- [DATA]
◆ ◆ ◆ ◆

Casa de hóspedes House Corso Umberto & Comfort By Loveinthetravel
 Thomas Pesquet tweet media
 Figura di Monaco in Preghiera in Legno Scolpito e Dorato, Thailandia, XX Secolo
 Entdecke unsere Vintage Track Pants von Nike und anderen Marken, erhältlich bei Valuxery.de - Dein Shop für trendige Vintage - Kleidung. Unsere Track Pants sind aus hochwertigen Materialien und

◆ ◆ ◆ ◆

- [WORK INSTRUCTIONS] Copy exactly the lines that run from the one containing "Figura di Monaco" to the last line of the listing, both included, and nothing more.

- [TASK RESULT]
 Figura di Monaco in Preghiera in Legno Scolpito e Dorato, Thailandia, XX Secolo
 Entdecke unsere Vintage Track Pants von Nike und anderen Marken, erhältlich bei Valuxery.de - Dein Shop für trendige Vintage - Kleidung. Unsere Track Pants sind aus hochwertigen Materialien und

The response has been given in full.